■ WORK REQUIRED: Quote all lines below exactly. Images stay out.

AVAILABLE DATA: Begin

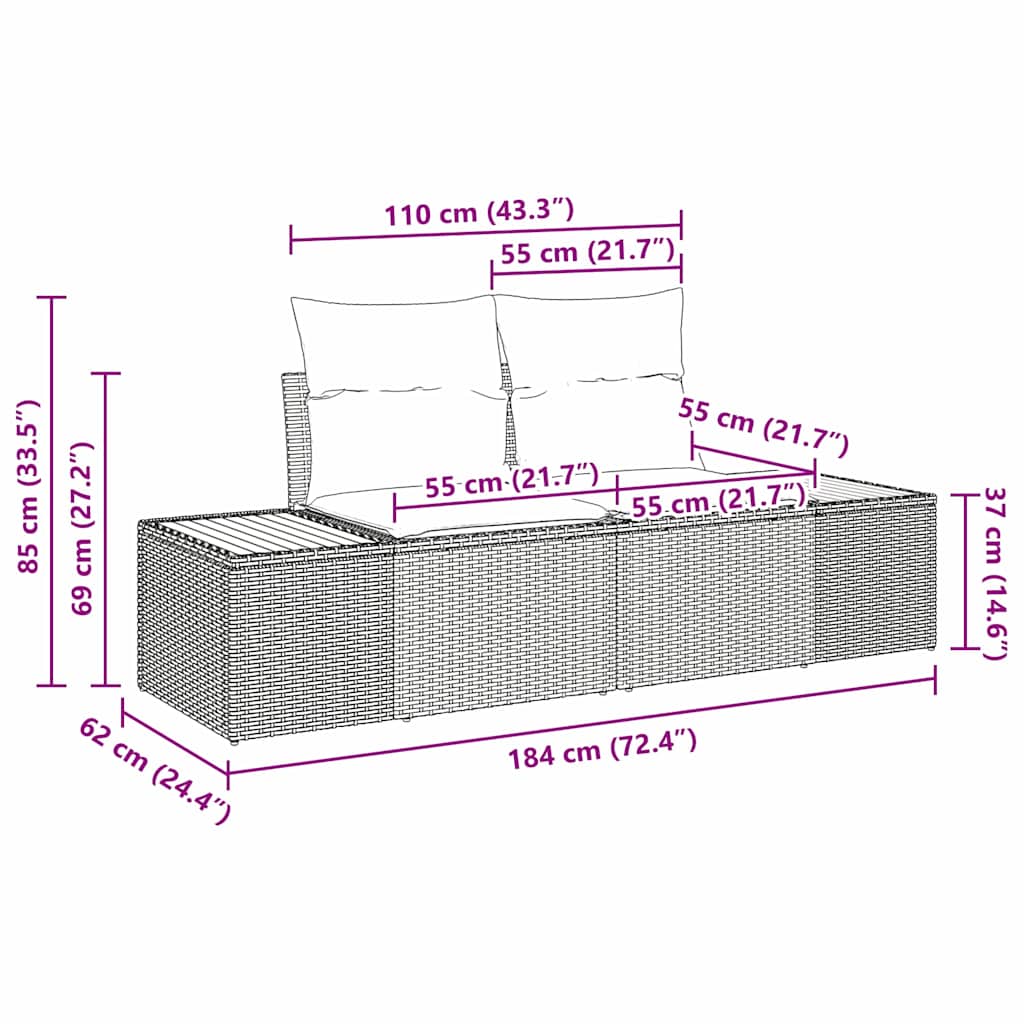 Set Divano da Giardino con cuscino 8 pcs Grigio Poly Rattan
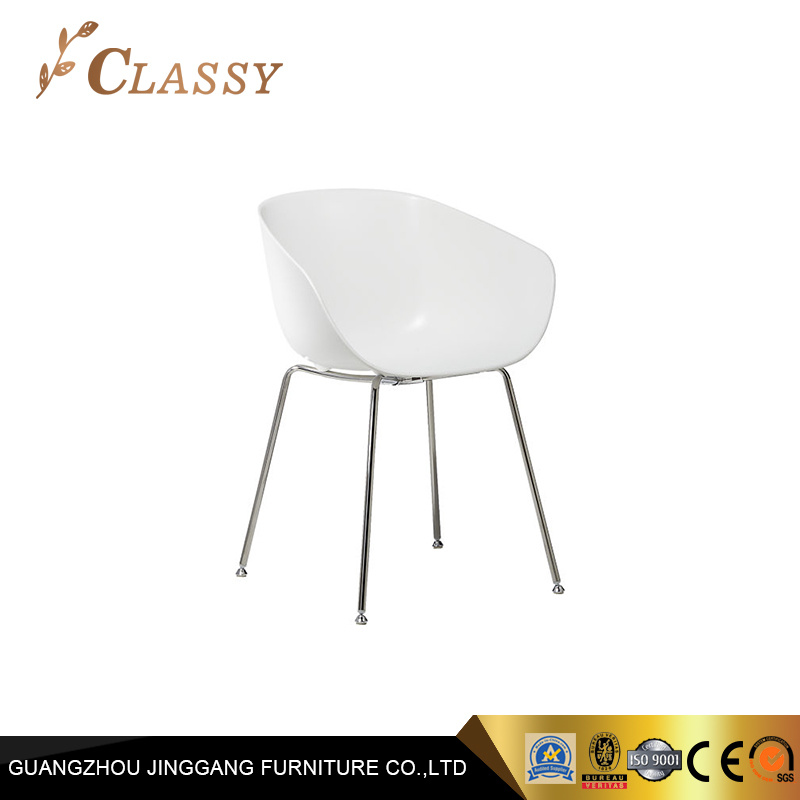 White Plastic Seat Steel Legs Wholesale Restaurant Dining Chair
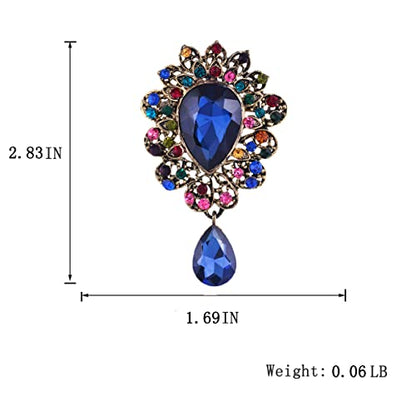 seven wolves Women Crystal Bouquet Brooch Pin All-Match Accessories Rhinestone Brooches and Pins - color: Blue A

AVAILABLE DATA: End

■ EXERCISE RESPONSE:
 Set Divano da Giardino con cuscino 8 pcs Grigio Poly Rattan
 White Plastic Seat Steel Legs Wholesale Restaurant Dining Chair
 seven wolves Women Crystal Bouquet Brooch Pin All-Match Accessories Rhinestone Brooches and Pins - color: Blue A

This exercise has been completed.